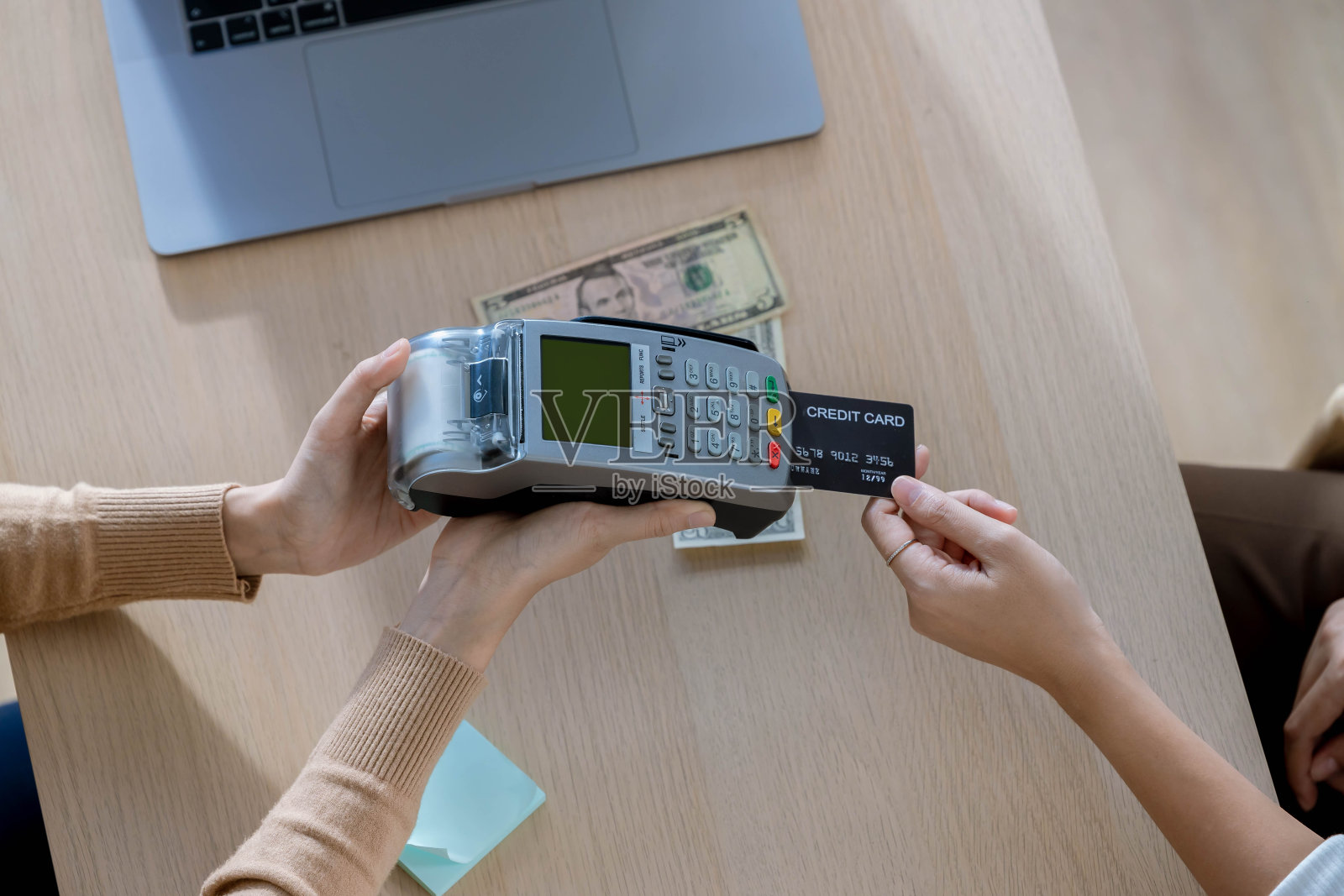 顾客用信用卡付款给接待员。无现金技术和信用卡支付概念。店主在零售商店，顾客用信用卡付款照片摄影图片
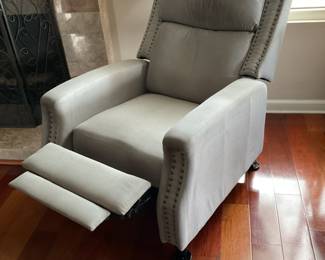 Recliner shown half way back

==

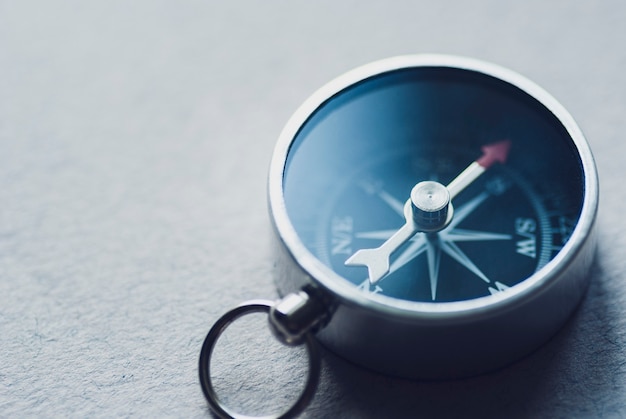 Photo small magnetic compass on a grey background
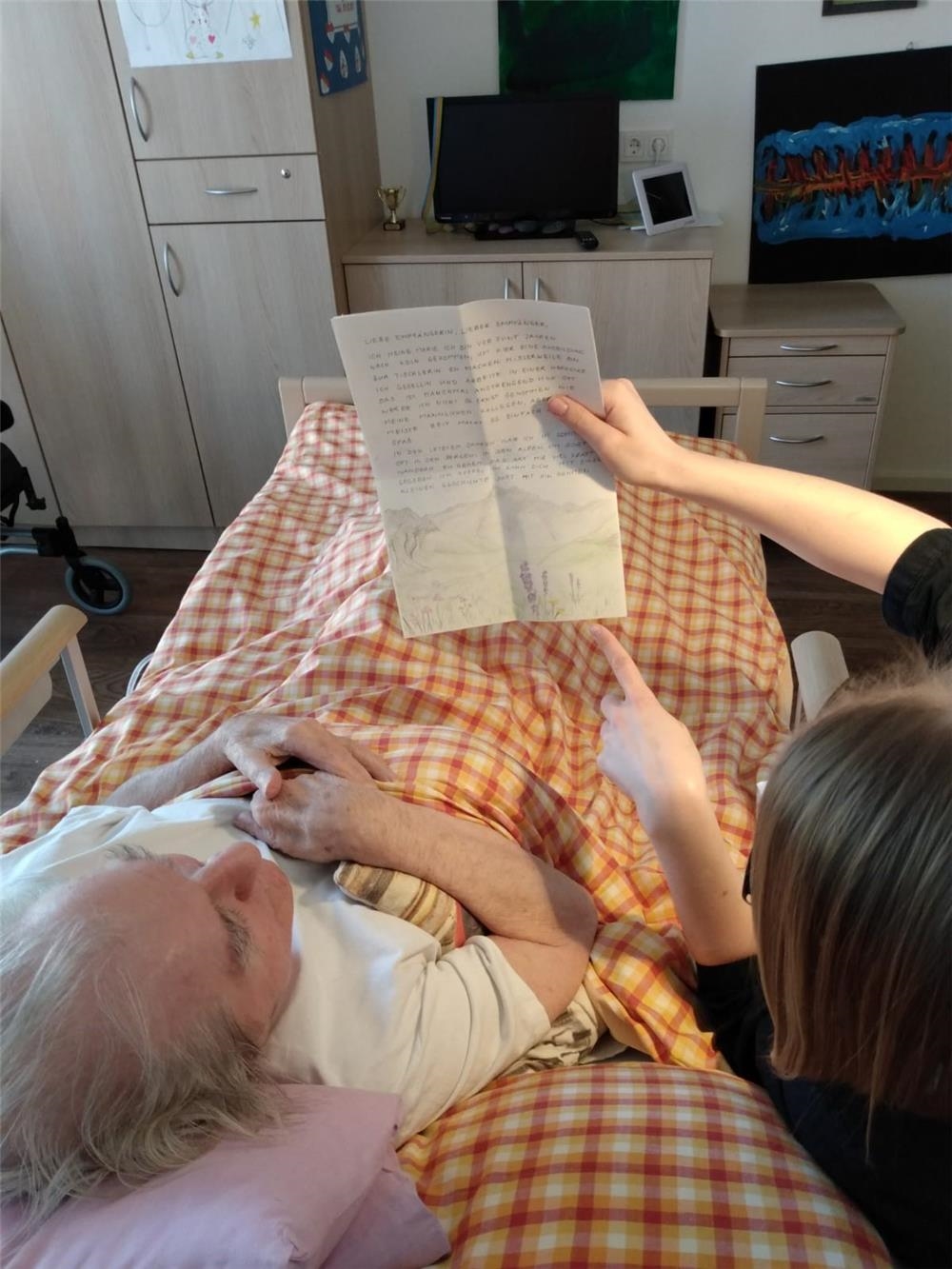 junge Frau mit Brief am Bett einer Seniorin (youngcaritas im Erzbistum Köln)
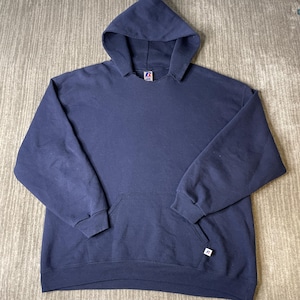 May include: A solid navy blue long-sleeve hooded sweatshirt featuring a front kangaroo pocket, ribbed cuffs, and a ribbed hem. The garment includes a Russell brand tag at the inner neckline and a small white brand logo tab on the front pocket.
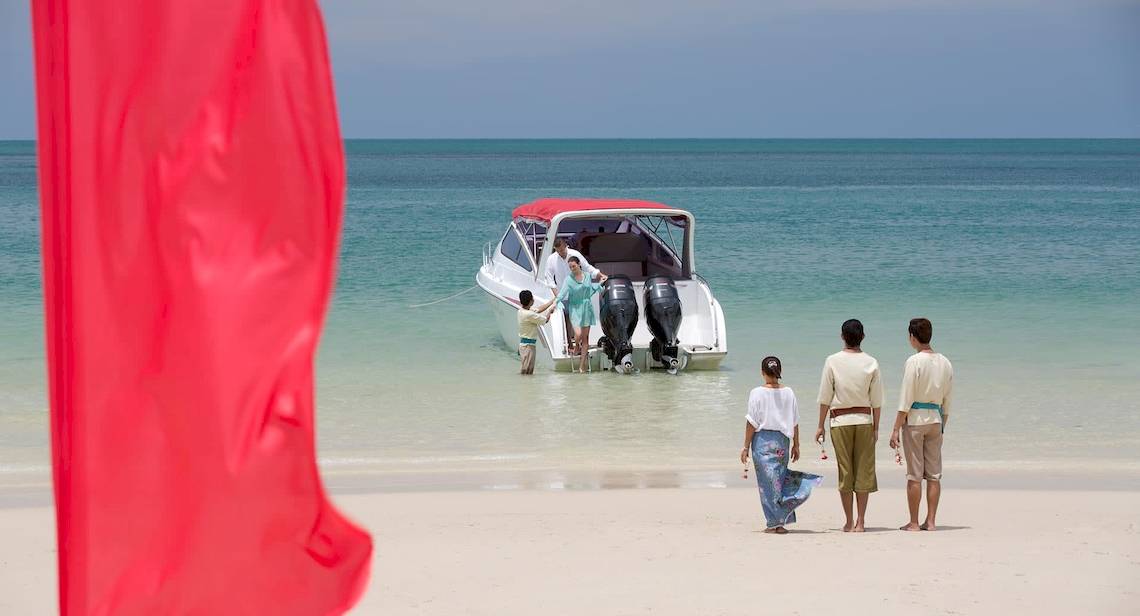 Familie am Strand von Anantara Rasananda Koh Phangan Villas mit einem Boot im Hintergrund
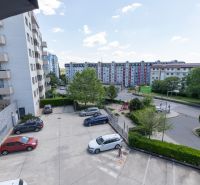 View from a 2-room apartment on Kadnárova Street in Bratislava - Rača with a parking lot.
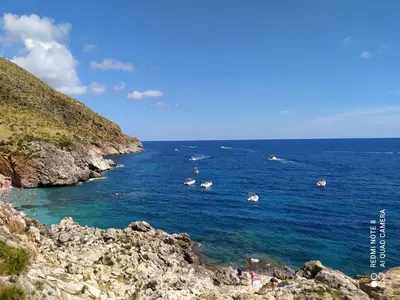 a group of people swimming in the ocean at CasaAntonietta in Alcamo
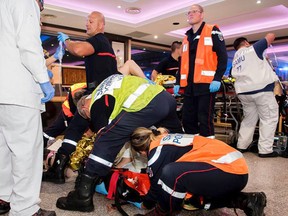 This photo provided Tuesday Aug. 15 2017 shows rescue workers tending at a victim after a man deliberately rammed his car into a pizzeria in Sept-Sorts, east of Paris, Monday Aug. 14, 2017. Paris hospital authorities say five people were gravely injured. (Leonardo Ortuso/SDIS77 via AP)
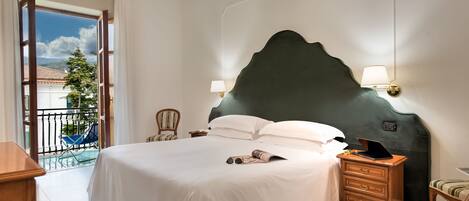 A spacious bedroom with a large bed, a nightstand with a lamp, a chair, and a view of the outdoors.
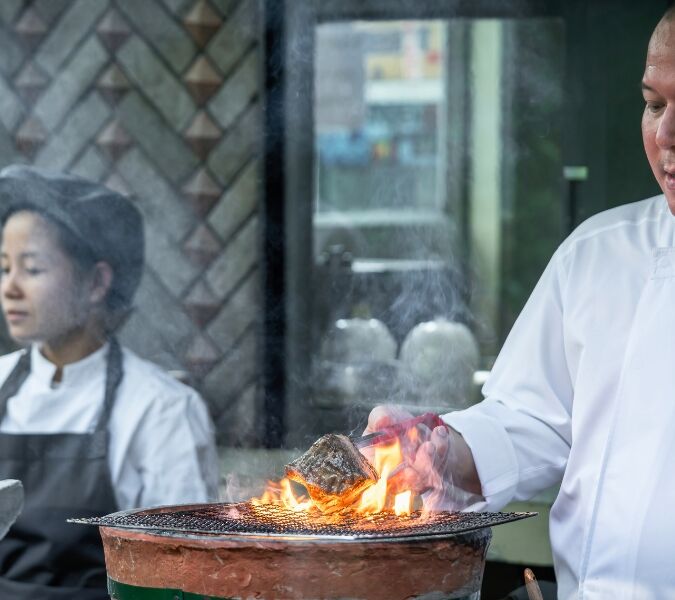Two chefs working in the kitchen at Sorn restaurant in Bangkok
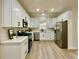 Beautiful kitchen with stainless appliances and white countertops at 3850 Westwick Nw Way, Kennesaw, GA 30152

Prompt - I'd like the lines above repeated exactly, from the one that contains "顾客用信用卡付款给接待员。无" through the one that contains "Recliner shown half way back", with no pictures.

Reply to the exercise -
 顾客用信用卡付款给接待员。无现金技术和信用卡支付概念。店主在零售商店，顾客用信用卡付款照片摄影图片
 Recliner shown half way back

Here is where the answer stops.